Lawyers for over 500 victims of sexual abuse by Catholic clergy said last night that they had secured a $660 million deal to settle their clients’ lawsuits against the Archdiocese of Los Angeles. If finalized, the deal would dwarf previous payouts; in 2002, the Archdiocese of Boston paid just $85 million to a similar number of abuse victims. The LAT does a good job of cutting through the complexity and secrecy surrounding the case, and is the only paper to get a confirmation of the deal from Church sources. The NYT focuses on the mixture of relief and disappointment with which plaintiffs greeted news that they would no longer get their day in court; one called the settlement “a bitter release.”

The NYT fronts and the Post teases news that Russia yesterday formally suspended its participation in a Cold War-era conventional weapons treaty that limits military deployments in Europe, apparently in protest at U.S. plans to deploy a missile defense system in Eastern Europe. Abandoning the treaty leaves Russia free to move tanks and other heavy weapons to its western borders; the move is largely symbolic but drew sharp criticism from Poland and Estonia.

With Iraqi Prime Minister Nuri Kamal al-Maliki claiming that Iraqi forces are capable of securing the country “any time” the U.S. chooses to withdraw, all the papers examine Congress’ continuing efforts to reach a consensus on the conflict. The NYT reports on attempts to revive the Baker-Hamilton report and fronts a look at declining morale among military families, cited by several anti-war Republicans as the trigger for their defection. The Post eyes the increasing pressure placed on Gen. David Petraeus, whose September progress report has become a critical factor in lawmakers’ deliberations and continues its series profiling individual lawmakers as they assess and reassess their stance on the war.

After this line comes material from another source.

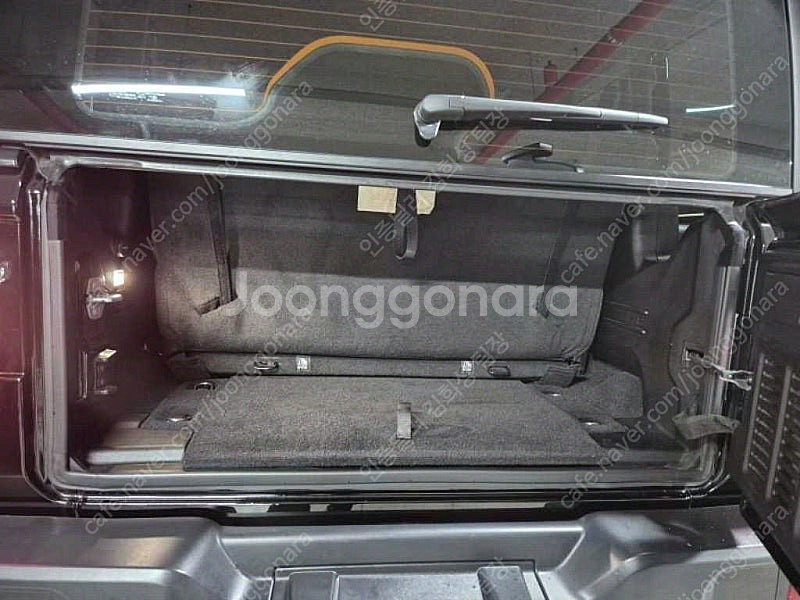 지프 랭글러 중고차 할부가능 지프 수입중고차 검정색 2...--6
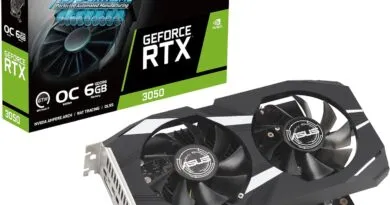 Graphics cards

The LAT fronts claims by an unnamed senior U.S. officer that almost half of foreign fighters in Iraq come from Saudi Arabia, raising questions about the kingdom’s commitment to preventing its citizens from joining the insurgency. Iraqi politicians accused Saudi officials of deliberately seeking to sow chaos in Baghdad.

The Post off-leads with an economic analysis of efforts to address global warming, concluding that at both the national and international level the huge cost of trimming greenhouse-gas emissions has left lawmakers unwilling or unable to implement meaningful changes.

China yesterday blocked the import of several shipments of American processed meat that allegedly showed signs of contamination; the Post fronts and the NYT teases the news. China has had qualms about American meat in the past, but yesterday’s move appears to be part of a tit-for-tat trade skirmish following investigations into the safety of a wide range of Chinese exports.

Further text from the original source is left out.